This exercise calls for an exact transcription. Set down every record below.

################

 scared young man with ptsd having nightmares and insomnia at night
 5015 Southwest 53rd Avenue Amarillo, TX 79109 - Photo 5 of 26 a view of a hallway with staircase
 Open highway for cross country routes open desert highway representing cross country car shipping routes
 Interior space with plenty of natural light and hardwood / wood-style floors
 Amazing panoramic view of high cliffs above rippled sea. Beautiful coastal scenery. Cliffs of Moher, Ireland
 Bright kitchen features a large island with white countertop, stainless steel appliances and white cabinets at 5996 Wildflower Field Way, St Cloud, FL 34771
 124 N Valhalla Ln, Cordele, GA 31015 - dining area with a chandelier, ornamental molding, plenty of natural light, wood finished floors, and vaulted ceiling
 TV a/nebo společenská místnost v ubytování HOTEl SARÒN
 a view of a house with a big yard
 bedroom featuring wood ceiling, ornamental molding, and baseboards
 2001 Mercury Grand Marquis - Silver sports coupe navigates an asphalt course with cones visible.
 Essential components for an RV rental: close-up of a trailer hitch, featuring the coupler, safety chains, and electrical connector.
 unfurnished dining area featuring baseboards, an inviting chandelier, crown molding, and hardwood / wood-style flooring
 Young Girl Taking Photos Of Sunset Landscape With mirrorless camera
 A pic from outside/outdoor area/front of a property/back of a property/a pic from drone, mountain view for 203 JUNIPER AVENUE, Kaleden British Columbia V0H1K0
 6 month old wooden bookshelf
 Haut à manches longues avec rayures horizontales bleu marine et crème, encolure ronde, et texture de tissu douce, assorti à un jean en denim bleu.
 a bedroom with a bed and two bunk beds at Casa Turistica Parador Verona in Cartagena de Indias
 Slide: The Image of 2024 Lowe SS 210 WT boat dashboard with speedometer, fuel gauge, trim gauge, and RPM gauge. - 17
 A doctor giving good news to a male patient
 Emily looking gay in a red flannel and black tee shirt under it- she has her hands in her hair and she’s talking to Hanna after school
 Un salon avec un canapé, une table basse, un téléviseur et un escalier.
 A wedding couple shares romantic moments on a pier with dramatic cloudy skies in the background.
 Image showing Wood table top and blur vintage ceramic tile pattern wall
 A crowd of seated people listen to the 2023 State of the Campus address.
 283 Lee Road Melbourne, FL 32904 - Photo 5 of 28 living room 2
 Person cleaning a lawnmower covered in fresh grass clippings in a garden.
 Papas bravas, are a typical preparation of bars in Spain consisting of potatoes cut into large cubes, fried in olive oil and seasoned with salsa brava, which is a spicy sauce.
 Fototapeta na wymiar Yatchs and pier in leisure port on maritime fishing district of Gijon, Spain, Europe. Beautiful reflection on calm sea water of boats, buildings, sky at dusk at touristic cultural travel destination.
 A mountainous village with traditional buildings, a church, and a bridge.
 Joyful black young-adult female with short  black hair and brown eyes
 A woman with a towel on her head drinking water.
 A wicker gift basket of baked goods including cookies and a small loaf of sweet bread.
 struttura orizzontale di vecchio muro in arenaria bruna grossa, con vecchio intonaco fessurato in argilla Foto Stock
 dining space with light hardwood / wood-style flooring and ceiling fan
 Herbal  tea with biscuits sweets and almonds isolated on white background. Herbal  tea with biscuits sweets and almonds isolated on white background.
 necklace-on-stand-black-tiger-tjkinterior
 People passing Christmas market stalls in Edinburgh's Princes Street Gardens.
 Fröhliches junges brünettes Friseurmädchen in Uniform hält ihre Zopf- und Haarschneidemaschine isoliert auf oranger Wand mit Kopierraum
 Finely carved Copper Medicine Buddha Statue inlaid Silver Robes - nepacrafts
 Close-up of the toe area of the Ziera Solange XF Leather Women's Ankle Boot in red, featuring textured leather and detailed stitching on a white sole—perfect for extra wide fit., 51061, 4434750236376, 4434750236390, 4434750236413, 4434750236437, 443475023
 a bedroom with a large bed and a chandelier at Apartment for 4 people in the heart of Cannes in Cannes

################

• [Answer section]:
 scared young man with ptsd having nightmares and insomnia at night
 5015 Southwest 53rd Avenue Amarillo, TX 79109 - Photo 5 of 26 a view of a hallway with staircase
 Open highway for cross country routes open desert highway representing cross country car shipping routes
 Interior space with plenty of natural light and hardwood / wood-style floors
 Amazing panoramic view of high cliffs above rippled sea. Beautiful coastal scenery. Cliffs of Moher, Ireland
 Bright kitchen features a large island with white countertop, stainless steel appliances and white cabinets at 5996 Wildflower Field Way, St Cloud, FL 34771
 124 N Valhalla Ln, Cordele, GA 31015 - dining area with a chandelier, ornamental molding, plenty of natural light, wood finished floors, and vaulted ceiling
 TV a/nebo společenská místnost v ubytování HOTEl SARÒN
 a view of a house with a big yard
 bedroom featuring wood ceiling, ornamental molding, and baseboards
 2001 Mercury Grand Marquis - Silver sports coupe navigates an asphalt course with cones visible.
 Essential components for an RV rental: close-up of a trailer hitch, featuring the coupler, safety chains, and electrical connector.
 unfurnished dining area featuring baseboards, an inviting chandelier, crown molding, and hardwood / wood-style flooring
 Young Girl Taking Photos Of Sunset Landscape With mirrorless camera
 A pic from outside/outdoor area/front of a property/back of a property/a pic from drone, mountain view for 203 JUNIPER AVENUE, Kaleden British Columbia V0H1K0
 6 month old wooden bookshelf
 Haut à manches longues avec rayures horizontales bleu marine et crème, encolure ronde, et texture de tissu douce, assorti à un jean en denim bleu.
 a bedroom with a bed and two bunk beds at Casa Turistica Parador Verona in Cartagena de Indias
 Slide: The Image of 2024 Lowe SS 210 WT boat dashboard with speedometer, fuel gauge, trim gauge, and RPM gauge. - 17
 A doctor giving good news to a male patient
 Emily looking gay in a red flannel and black tee shirt under it- she has her hands in her hair and she’s talking to Hanna after school
 Un salon avec un canapé, une table basse, un téléviseur et un escalier.
 A wedding couple shares romantic moments on a pier with dramatic cloudy skies in the background.
 Image showing Wood table top and blur vintage ceramic tile pattern wall
 A crowd of seated people listen to the 2023 State of the Campus address.
 283 Lee Road Melbourne, FL 32904 - Photo 5 of 28 living room 2
 Person cleaning a lawnmower covered in fresh grass clippings in a garden.
 Papas bravas, are a typical preparation of bars in Spain consisting of potatoes cut into large cubes, fried in olive oil and seasoned with salsa brava, which is a spicy sauce.
 Fototapeta na wymiar Yatchs and pier in leisure port on maritime fishing district of Gijon, Spain, Europe. Beautiful reflection on calm sea water of boats, buildings, sky at dusk at touristic cultural travel destination.
 A mountainous village with traditional buildings, a church, and a bridge.
 Joyful black young-adult female with short  black hair and brown eyes
 A woman with a towel on her head drinking water.
 A wicker gift basket of baked goods including cookies and a small loaf of sweet bread.
 struttura orizzontale di vecchio muro in arenaria bruna grossa, con vecchio intonaco fessurato in argilla Foto Stock
 dining space with light hardwood / wood-style flooring and ceiling fan
 Herbal  tea with biscuits sweets and almonds isolated on white background. Herbal  tea with biscuits sweets and almonds isolated on white background.
 necklace-on-stand-black-tiger-tjkinterior
 People passing Christmas market stalls in Edinburgh's Princes Street Gardens.
 Fröhliches junges brünettes Friseurmädchen in Uniform hält ihre Zopf- und Haarschneidemaschine isoliert auf oranger Wand mit Kopierraum
 Finely carved Copper Medicine Buddha Statue inlaid Silver Robes - nepacrafts
 Close-up of the toe area of the Ziera Solange XF Leather Women's Ankle Boot in red, featuring textured leather and detailed stitching on a white sole—perfect for extra wide fit., 51061, 4434750236376, 4434750236390, 4434750236413, 4434750236437, 443475023
 a bedroom with a large bed and a chandelier at Apartment for 4 people in the heart of Cannes in Cannes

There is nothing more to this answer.